:: MATERIAL SHOWN

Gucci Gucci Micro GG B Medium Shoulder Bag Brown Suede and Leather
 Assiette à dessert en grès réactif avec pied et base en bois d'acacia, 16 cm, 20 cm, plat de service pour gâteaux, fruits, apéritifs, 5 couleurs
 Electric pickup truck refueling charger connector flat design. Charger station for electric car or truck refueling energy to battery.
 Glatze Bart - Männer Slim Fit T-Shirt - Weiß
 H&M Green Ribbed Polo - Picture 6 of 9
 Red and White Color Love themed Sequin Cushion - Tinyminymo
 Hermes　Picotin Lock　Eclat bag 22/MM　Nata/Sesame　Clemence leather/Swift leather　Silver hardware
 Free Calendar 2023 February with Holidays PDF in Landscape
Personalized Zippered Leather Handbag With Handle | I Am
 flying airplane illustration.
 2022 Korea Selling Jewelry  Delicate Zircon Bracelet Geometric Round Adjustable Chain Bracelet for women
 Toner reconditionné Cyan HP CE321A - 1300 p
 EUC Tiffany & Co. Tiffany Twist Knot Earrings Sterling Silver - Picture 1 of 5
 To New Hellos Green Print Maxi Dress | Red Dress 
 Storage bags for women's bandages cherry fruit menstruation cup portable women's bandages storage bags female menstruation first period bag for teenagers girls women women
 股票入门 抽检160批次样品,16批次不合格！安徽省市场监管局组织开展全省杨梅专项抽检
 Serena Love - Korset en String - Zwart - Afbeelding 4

::::

### GOAL OF THE EXERCISE
Your reply must reproduce all records above exactly.

### SOLUTION BELOW
Gucci Gucci Micro GG B Medium Shoulder Bag Brown Suede and Leather
 Assiette à dessert en grès réactif avec pied et base en bois d'acacia, 16 cm, 20 cm, plat de service pour gâteaux, fruits, apéritifs, 5 couleurs
 Electric pickup truck refueling charger connector flat design. Charger station for electric car or truck refueling energy to battery.
 Glatze Bart - Männer Slim Fit T-Shirt - Weiß
 H&M Green Ribbed Polo - Picture 6 of 9
 Red and White Color Love themed Sequin Cushion - Tinyminymo
 Hermes　Picotin Lock　Eclat bag 22/MM　Nata/Sesame　Clemence leather/Swift leather　Silver hardware
 Free Calendar 2023 February with Holidays PDF in Landscape
Personalized Zippered Leather Handbag With Handle | I Am
 flying airplane illustration.
 2022 Korea Selling Jewelry  Delicate Zircon Bracelet Geometric Round Adjustable Chain Bracelet for women
 Toner reconditionné Cyan HP CE321A - 1300 p
 EUC Tiffany & Co. Tiffany Twist Knot Earrings Sterling Silver - Picture 1 of 5
 To New Hellos Green Print Maxi Dress | Red Dress 
 Storage bags for women's bandages cherry fruit menstruation cup portable women's bandages storage bags female menstruation first period bag for teenagers girls women women
 股票入门 抽检160批次样品,16批次不合格！安徽省市场监管局组织开展全省杨梅专项抽检
 Serena Love - Korset en String - Zwart - Afbeelding 4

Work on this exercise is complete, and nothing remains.